Les grandes familles d'antan s'abîmaient en silence à l'intérieur de leurs alcazars dégarnis. Dans les encoignures des rues pavées qui s'étaient révélées si efficaces en surprises de guerre et débarquements de boucaniers, les mauvaises herbes pendaient des balcons et ouvraient des fissures jusque dans les murs chaulés et sablés des maisons les mieux tenues, et à deux heures de l'après-midi, dans la pénombre de la sieste, le seul signe de vie étaient les languides exercices de piano.
Ce passage tiré de l'Amour aux temps du choléra de Gabriel Garcia Marquez dépeint le charme compassé des rues de Carthagène des Indes, perle des Caraïbes, qui a joui, au temps de la domination espagnole, du terrible privilège d'être le plus grand marché d'esclaves africains des Amériques.

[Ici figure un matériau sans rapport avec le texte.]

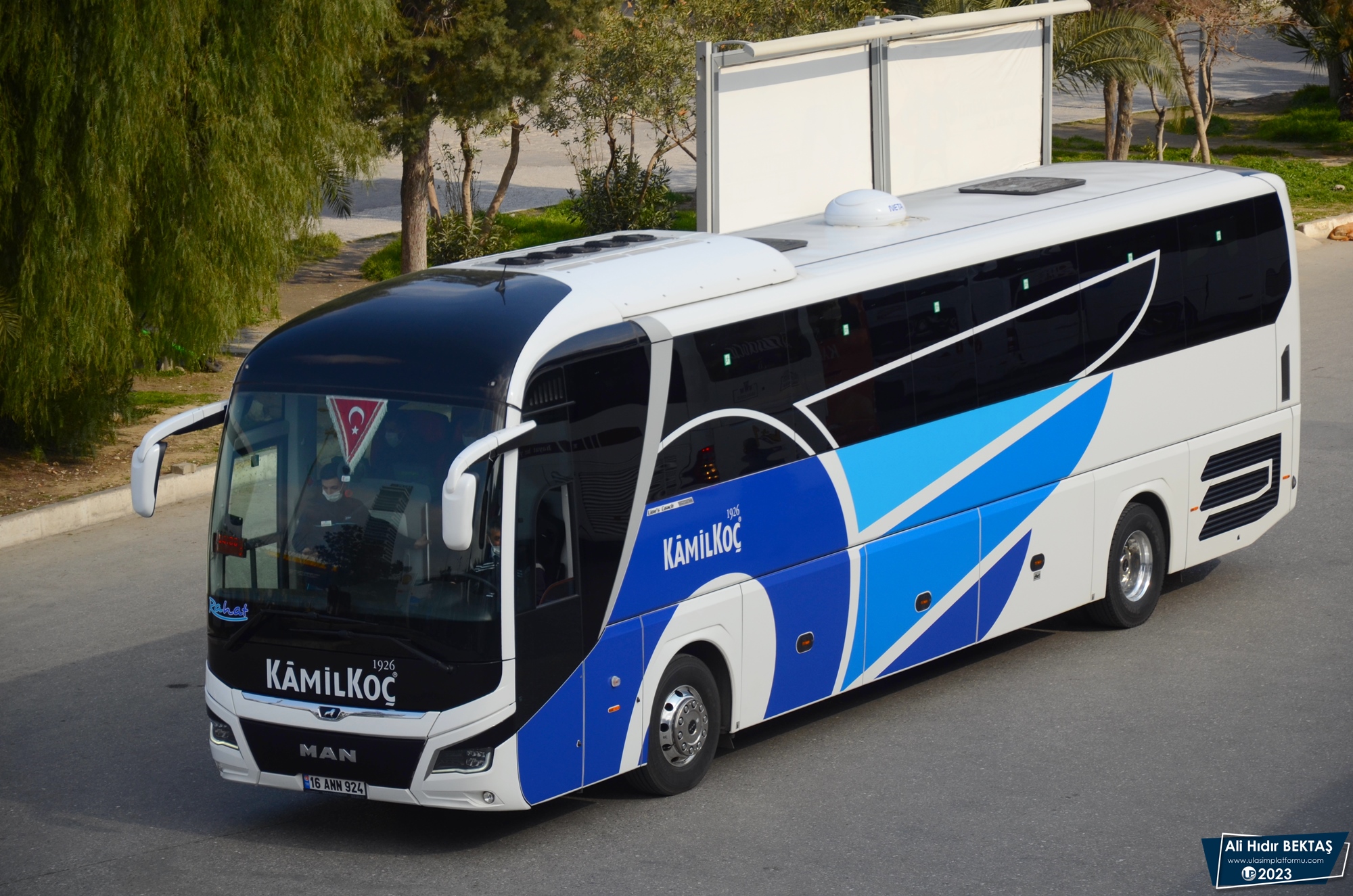 [Resim: 1679142564_3LWdY3UXuS1XSLO.JPG]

Cet été, j'ai eu le bonheur de découvrir cette ville merveilleuse avec ma bien-aimée. On y parle un castillan adouci par la clémence du climat tropical et le sourire généreux sans être aguicheur des femmes y vaut tous les langages connus. J'en ai aussi profité pour découvrir Gabriel García Márquez, ce géant de l'écriture colombienne, qu'une paresse teintée de snobisme m'avait fait ignorer jusque là au profit de son compatriote et ami Alvaro Mutis, assurément plus élitiste.
Cette découverte, je la fis en français, la seule langue dans laquelle je me sente bien, comme un habit qui épouse le contour de mes pensées à force de les avoir polies et policées. Pourtant, j'ai tant été seriné par ma belle sur la vertu inégalable de découvrir un grand écrivain dans le format originel de son texte, c'est-à-dire dans sa langue, celle qu'il a utilisée pour l'écrire, que je décidai de lire García Márquez aussi en espagnol. Et voilà ce que ça donne :
Las grandes familias de antaño se hundían en silencio dentro de los alcázares desguarnecidos. En los vericuetos de las calles adoquinadas que tan eficaces habían sido en sorpresas de guerras y desembarcos de bucaneros, la maleza se descolgaba por los balcones y abría grietas en los muros de cal y canto aun en las mansiones mejor tenidas, y la unica señal viva a las dos de la tarde eran los lánguidos ejercicios de piano en la penumbra de la siesta.
Quel souffle, quelle magie ! Empêtré dans le style empesé du français, je me trouve maintenant emporté dans une farandole de sonorités, une explosion de parfums des plus capiteux.
Cela fait partie de ces moments où, pris par la beauté du texte, sidéré par sa puissance musicale, je pose le livre pour mieux le savourer. Alors, un sourire aux lèvres, je suis bien obligé de reconnaître que ma belle avait raison ou, pour reprendre les propos d'un Pascal Quignard, que "pour comprendre (une image ou un texte qui nous est étranger), il faut non seulement connaître le récit qu'il ou elle condense mais aussi parler la langue qui le rapporte".
Merci à toi, ma bien-aimée, pour m'avoir guidé sur ces sentiers de traverse et de plaisir.